• Required work: Find, in the records below, the line that contains "Hey guys, welcome" and the line that contains "And Adobe Illustrator". Copy those two lines and everything between them exactly, but not the pictures.

• Input material:

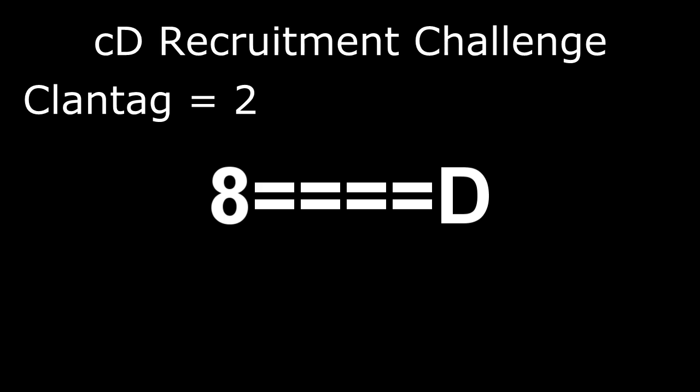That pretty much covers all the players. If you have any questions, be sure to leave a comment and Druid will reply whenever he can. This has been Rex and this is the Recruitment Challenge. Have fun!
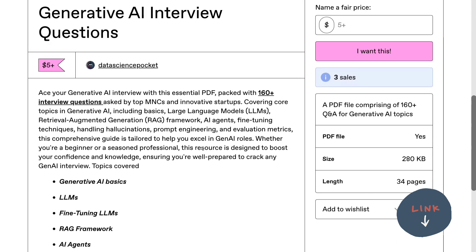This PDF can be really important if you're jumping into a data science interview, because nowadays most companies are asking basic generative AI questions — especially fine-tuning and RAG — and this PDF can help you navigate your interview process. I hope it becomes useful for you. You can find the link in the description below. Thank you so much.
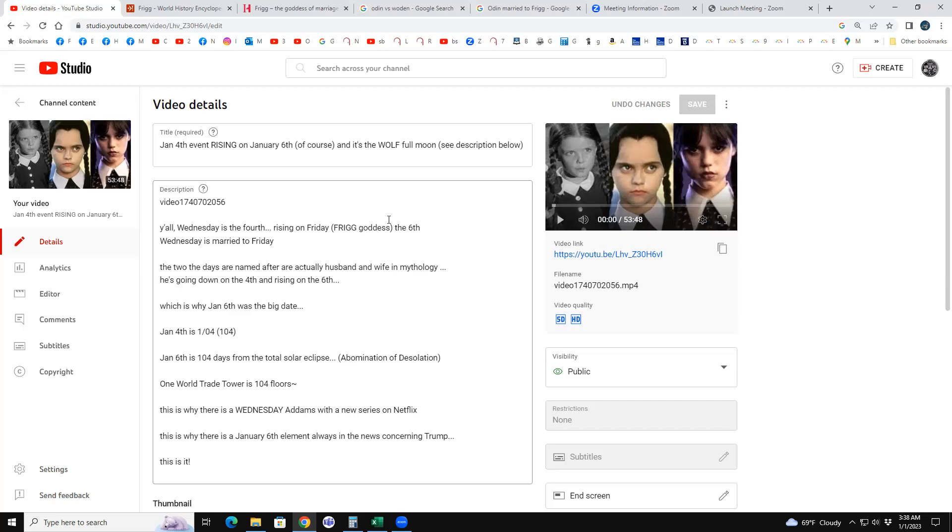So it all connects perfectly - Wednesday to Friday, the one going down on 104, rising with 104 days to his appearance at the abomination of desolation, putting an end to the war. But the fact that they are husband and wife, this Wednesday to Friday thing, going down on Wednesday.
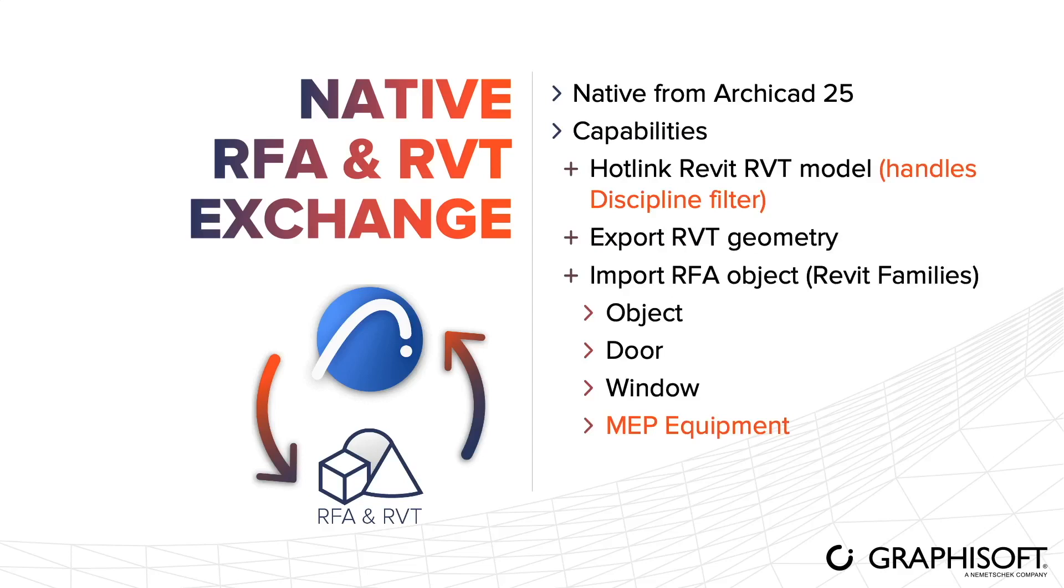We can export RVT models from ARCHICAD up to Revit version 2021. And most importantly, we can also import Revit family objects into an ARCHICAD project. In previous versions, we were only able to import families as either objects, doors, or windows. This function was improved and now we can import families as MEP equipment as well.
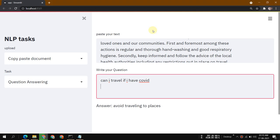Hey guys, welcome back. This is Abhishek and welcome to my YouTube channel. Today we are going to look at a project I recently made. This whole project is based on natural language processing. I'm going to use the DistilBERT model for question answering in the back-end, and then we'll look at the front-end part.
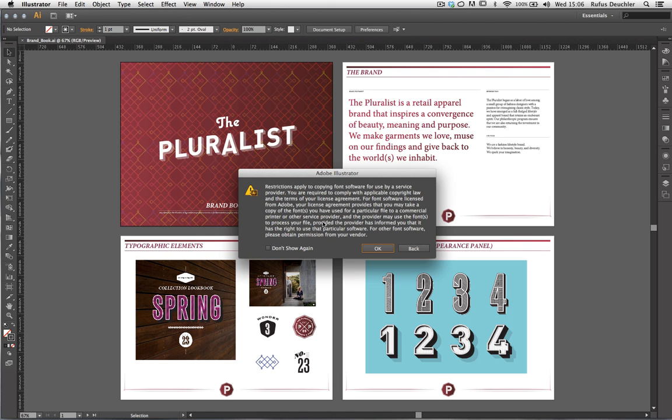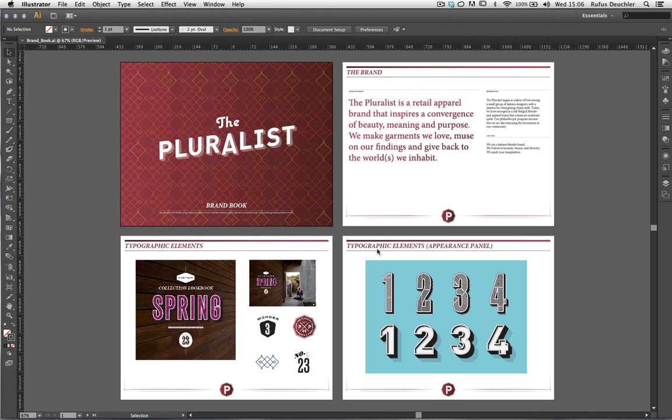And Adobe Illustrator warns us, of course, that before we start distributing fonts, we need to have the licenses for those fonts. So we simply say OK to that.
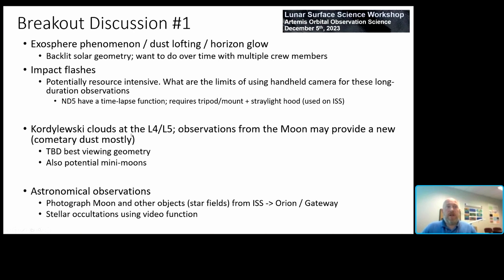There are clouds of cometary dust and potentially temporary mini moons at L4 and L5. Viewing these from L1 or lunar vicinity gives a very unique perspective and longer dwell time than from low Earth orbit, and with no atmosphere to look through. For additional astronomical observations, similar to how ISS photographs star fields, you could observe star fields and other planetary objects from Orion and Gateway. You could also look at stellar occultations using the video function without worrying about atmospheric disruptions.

• Exercise result:
Hey guys, welcome back. This is Abhishek and welcome to my YouTube channel. Today we are going to look at a project I recently made. This whole project is based on natural language processing. I'm going to use the DistilBERT model for question answering in the back-end, and then we'll look at the front-end part.
And Adobe Illustrator warns us, of course, that before we start distributing fonts, we need to have the licenses for those fonts. So we simply say OK to that.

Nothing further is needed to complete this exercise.